Repeat word for word, please, only the lines of the material from the one containing "фото Мужские утепленные" through its final line, both ends included.
-- LISTED ENTRIES follows --
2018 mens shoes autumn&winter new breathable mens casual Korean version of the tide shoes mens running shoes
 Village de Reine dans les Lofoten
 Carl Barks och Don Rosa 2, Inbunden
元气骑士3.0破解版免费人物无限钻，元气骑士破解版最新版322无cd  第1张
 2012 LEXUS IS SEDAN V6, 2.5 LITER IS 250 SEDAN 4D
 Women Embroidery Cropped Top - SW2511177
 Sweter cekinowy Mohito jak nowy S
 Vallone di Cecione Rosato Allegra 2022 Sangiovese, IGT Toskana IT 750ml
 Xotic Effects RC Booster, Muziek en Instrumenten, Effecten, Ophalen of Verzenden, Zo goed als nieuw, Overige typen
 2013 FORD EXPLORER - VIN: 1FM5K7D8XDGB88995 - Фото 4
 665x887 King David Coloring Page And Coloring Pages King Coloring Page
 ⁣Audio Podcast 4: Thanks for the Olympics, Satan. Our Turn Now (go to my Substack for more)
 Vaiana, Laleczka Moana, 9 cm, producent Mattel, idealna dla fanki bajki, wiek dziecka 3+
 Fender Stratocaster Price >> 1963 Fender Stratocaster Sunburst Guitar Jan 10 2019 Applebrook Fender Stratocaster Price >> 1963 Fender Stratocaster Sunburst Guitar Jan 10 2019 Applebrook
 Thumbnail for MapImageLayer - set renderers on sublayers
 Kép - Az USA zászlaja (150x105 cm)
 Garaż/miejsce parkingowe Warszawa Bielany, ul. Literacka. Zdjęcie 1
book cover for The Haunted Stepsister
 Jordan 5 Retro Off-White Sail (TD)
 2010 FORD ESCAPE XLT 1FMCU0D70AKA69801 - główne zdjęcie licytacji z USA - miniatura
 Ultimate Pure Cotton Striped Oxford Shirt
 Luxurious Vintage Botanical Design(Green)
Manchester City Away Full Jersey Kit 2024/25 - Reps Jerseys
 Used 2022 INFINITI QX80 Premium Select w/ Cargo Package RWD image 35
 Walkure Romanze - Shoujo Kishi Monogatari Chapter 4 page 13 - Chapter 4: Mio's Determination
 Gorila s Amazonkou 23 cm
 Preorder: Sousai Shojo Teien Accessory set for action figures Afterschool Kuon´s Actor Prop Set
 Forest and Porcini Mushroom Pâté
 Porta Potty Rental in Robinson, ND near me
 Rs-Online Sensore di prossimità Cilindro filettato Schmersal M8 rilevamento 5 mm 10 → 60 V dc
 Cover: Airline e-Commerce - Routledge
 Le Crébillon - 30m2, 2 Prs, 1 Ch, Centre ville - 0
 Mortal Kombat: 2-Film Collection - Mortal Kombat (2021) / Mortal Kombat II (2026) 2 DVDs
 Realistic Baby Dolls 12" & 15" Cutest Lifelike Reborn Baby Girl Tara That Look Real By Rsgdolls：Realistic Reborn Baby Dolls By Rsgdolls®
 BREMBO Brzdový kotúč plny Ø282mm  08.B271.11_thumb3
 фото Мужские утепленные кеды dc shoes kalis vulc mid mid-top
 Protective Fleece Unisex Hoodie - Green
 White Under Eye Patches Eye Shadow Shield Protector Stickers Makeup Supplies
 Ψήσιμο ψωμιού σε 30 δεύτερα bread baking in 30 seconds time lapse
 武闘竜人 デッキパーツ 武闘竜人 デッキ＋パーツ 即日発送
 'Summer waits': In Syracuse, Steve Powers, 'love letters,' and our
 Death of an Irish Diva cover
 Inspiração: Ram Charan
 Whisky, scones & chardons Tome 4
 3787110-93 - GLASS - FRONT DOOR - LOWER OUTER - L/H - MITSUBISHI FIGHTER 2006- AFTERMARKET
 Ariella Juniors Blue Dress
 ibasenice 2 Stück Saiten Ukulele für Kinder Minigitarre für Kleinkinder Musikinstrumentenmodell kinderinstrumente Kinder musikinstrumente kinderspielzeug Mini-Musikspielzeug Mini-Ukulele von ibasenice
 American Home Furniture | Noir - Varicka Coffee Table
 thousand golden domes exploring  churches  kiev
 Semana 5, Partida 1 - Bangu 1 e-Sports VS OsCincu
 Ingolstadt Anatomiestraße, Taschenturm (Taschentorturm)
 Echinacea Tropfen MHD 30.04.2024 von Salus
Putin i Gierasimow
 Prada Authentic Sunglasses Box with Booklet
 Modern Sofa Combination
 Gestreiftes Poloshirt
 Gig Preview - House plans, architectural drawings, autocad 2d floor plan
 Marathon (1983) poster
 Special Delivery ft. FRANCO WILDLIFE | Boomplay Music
-- LISTED ENTRIES concluded --
## RESPONSE AREA
 фото Мужские утепленные кеды dc shoes kalis vulc mid mid-top
 Protective Fleece Unisex Hoodie - Green
 White Under Eye Patches Eye Shadow Shield Protector Stickers Makeup Supplies
 Ψήσιμο ψωμιού σε 30 δεύτερα bread baking in 30 seconds time lapse
 武闘竜人 デッキパーツ 武闘竜人 デッキ＋パーツ 即日発送
 'Summer waits': In Syracuse, Steve Powers, 'love letters,' and our
 Death of an Irish Diva cover
 Inspiração: Ram Charan
 Whisky, scones & chardons Tome 4
 3787110-93 - GLASS - FRONT DOOR - LOWER OUTER - L/H - MITSUBISHI FIGHTER 2006- AFTERMARKET
 Ariella Juniors Blue Dress
 ibasenice 2 Stück Saiten Ukulele für Kinder Minigitarre für Kleinkinder Musikinstrumentenmodell kinderinstrumente Kinder musikinstrumente kinderspielzeug Mini-Musikspielzeug Mini-Ukulele von ibasenice
 American Home Furniture | Noir - Varicka Coffee Table
 thousand golden domes exploring  churches  kiev
 Semana 5, Partida 1 - Bangu 1 e-Sports VS OsCincu
 Ingolstadt Anatomiestraße, Taschenturm (Taschentorturm)
 Echinacea Tropfen MHD 30.04.2024 von Salus
Putin i Gierasimow
 Prada Authentic Sunglasses Box with Booklet
 Modern Sofa Combination
 Gestreiftes Poloshirt
 Gig Preview - House plans, architectural drawings, autocad 2d floor plan
 Marathon (1983) poster
 Special Delivery ft. FRANCO WILDLIFE | Boomplay Music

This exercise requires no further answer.